-------- Available data

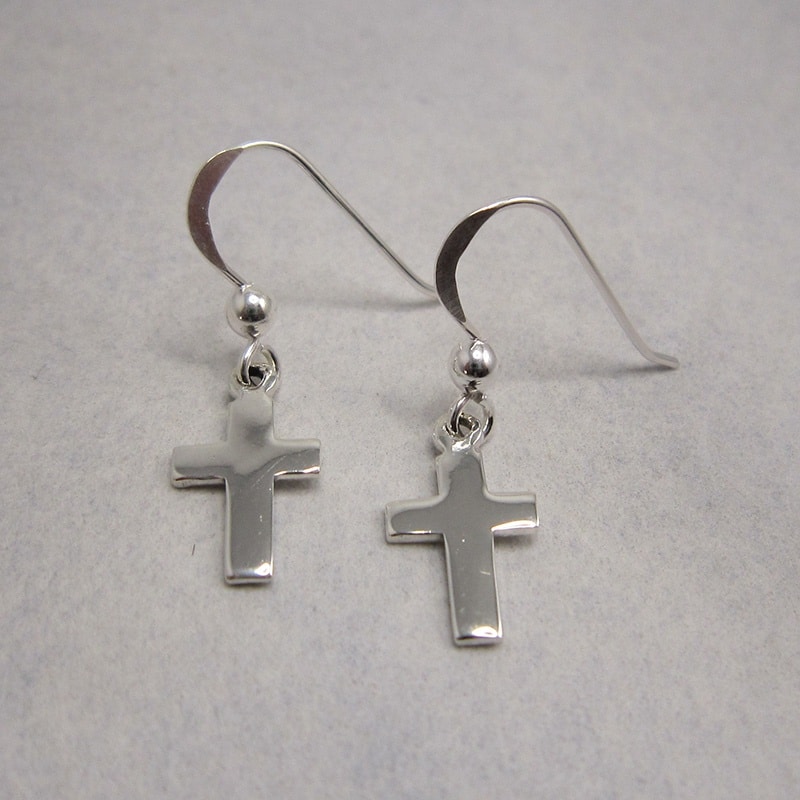 Sterling Silver Cross Drop Earrings - Image 2
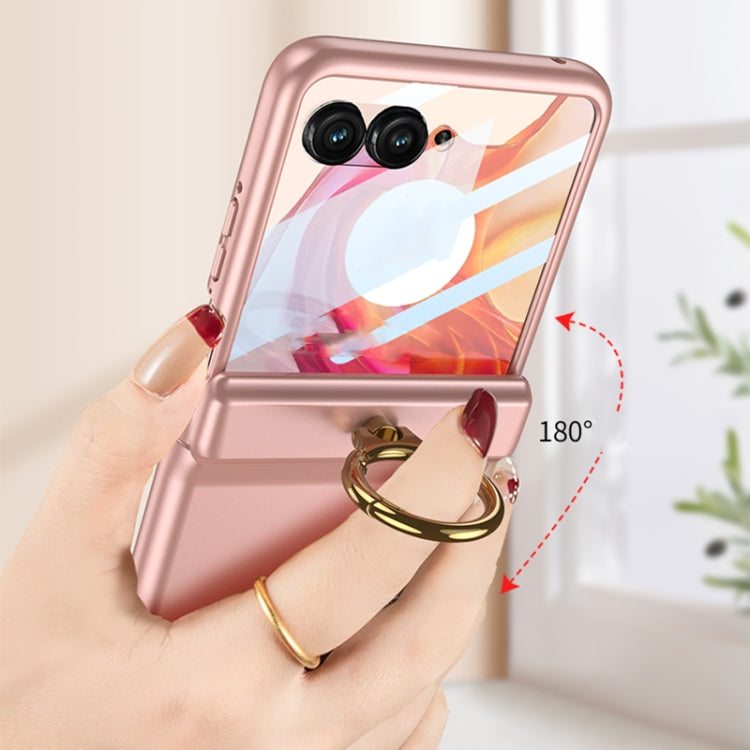 For Motorola Razr 50 Ultra GKK Integrated Magnetic Hinged Flip Case with Ring Holder(Pink) - free shipping - PMC Jewellery - Order now!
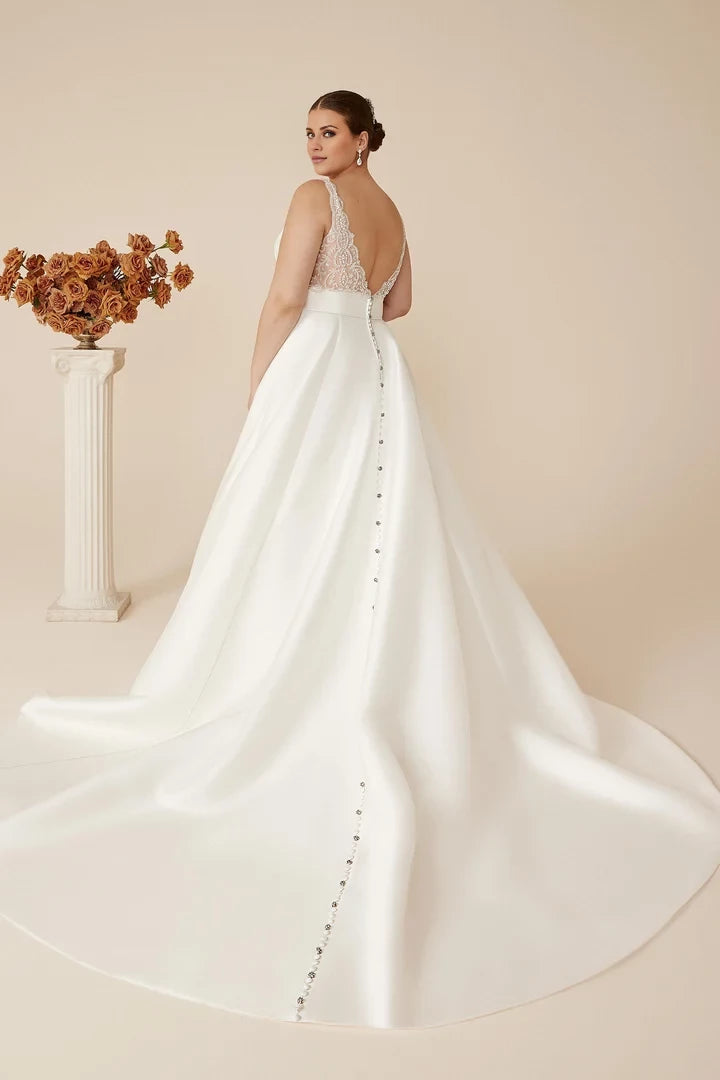 Clean Plus Size Ball Gown with Beaded V-Back Wedding Dresses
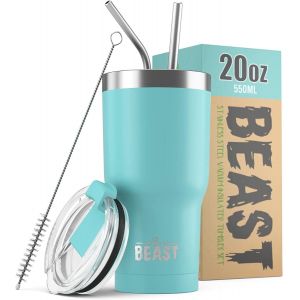 Cmws-Beast Tumbler U2013 550 Ml (20 Oz), Bleu Aigue-Marine | Gobelet Isotherme En Acier Inoxydable R&eacute;utilisable | Avec 2 Pailles Et Brosse De Nettoyage | Double Paroi, Id&eacute;al Pour Caf&eacute; Chaud Ou Glac&eacute; - Neuf
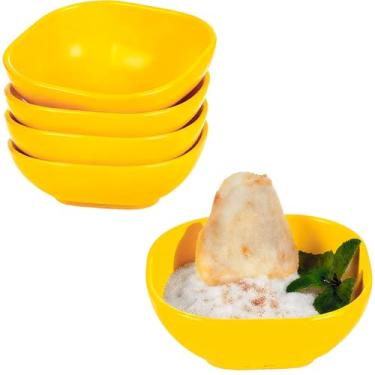 Imagem de ZQtyf Tigelas de mergulho, tigelas de palha de trigo, conjunto de copos inquebráveis de 142-127 g para acompanhamento, ketchup, soja, churrasco, sobremesa, sushi, festa, condimentos (amarelo)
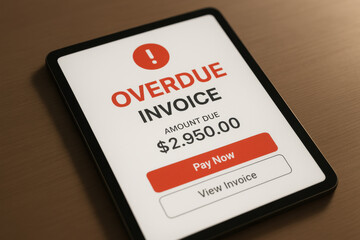 Overdue invoice notification on digital tablet showing amount due and payment options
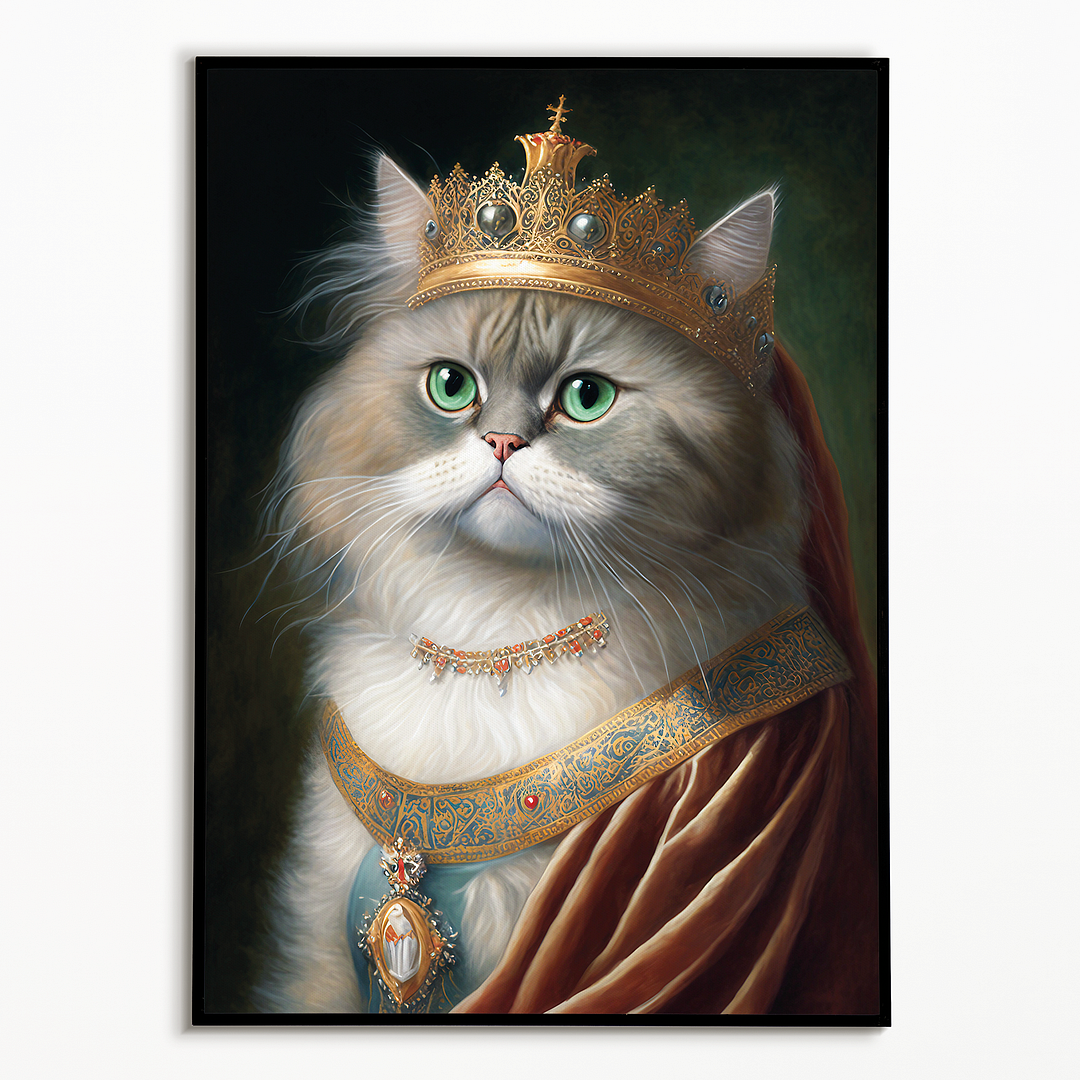 Renaissance painting of a Persian cat as a queen - Art Print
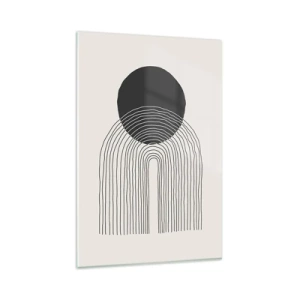 Obraz na szkle - Abstrakcyjny wzór z liniami i czarnym kołem na jasnym tle - 80x120cm - Drżenie i pewność - Nowoczesna dekoracja ścienna do salonu i sypialni ARTTOR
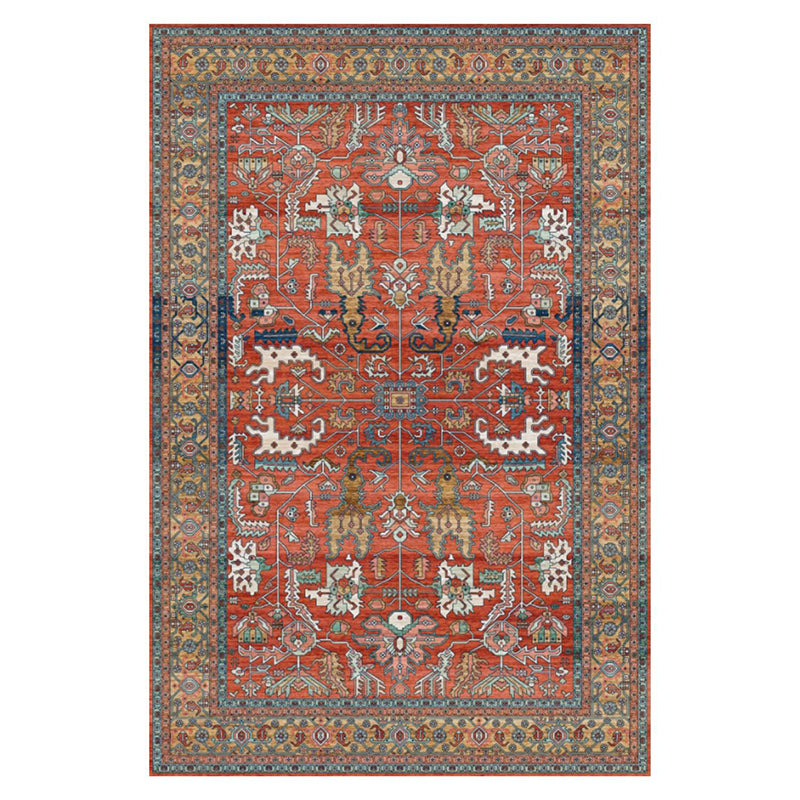 Traditional Living Room Carpet Antique Pattern Polyester Area Rug Stain Resistant Area Rug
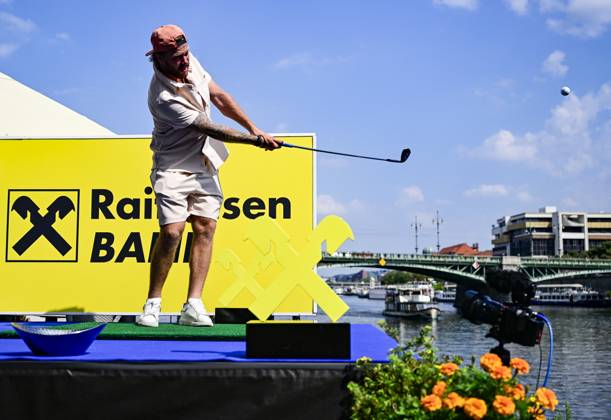 Hockey player Czech David Pastrnak in action during exhibition within the ninth edition of the Czech Masters golf tournament of the European DP World Tour (24-27 August) in Prague, Czech Republic, August 22, 2023. (CTKxPhoto RomanxVondrous) CTKPhotoP2023082205326  CTKPhotoP2023082205326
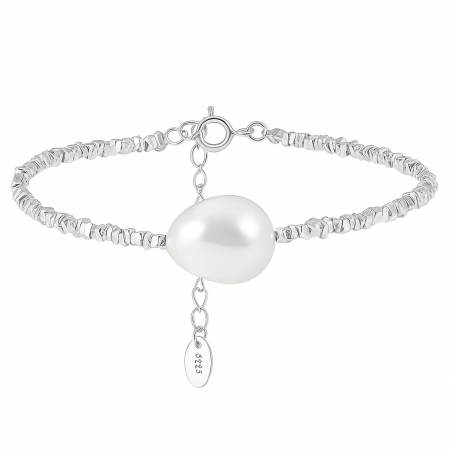Brățări - Brățară din Argint cu Perle Naturale de Cultură Sculpted Shine Pearl Silver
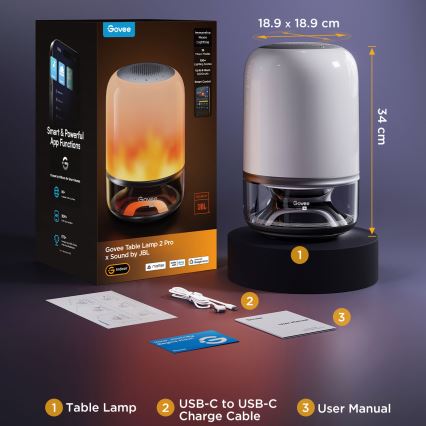 Govee - LED RGBW Stmívatelná stolní lampa s reproduktorem LED/36W/12V Wi-Fi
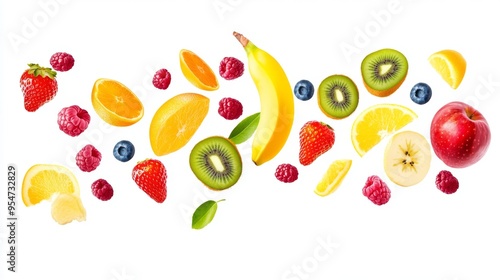 Wallpaper Mural Flying different fresh fruits in air on white background. Falling fruits mix multifruit Torontodigital.ca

----------------

What is needed is an exact copy of the lines above from the one with "Overdue invoice notification" to the one with "Traditional Living Room", both ends kept, and nothing more; please leave the pictures out.

■ **Response**
 Overdue invoice notification on digital tablet showing amount due and payment options
 Renaissance painting of a Persian cat as a queen - Art Print
 Obraz na szkle - Abstrakcyjny wzór z liniami i czarnym kołem na jasnym tle - 80x120cm - Drżenie i pewność - Nowoczesna dekoracja ścienna do salonu i sypialni ARTTOR
 Traditional Living Room Carpet Antique Pattern Polyester Area Rug Stain Resistant Area Rug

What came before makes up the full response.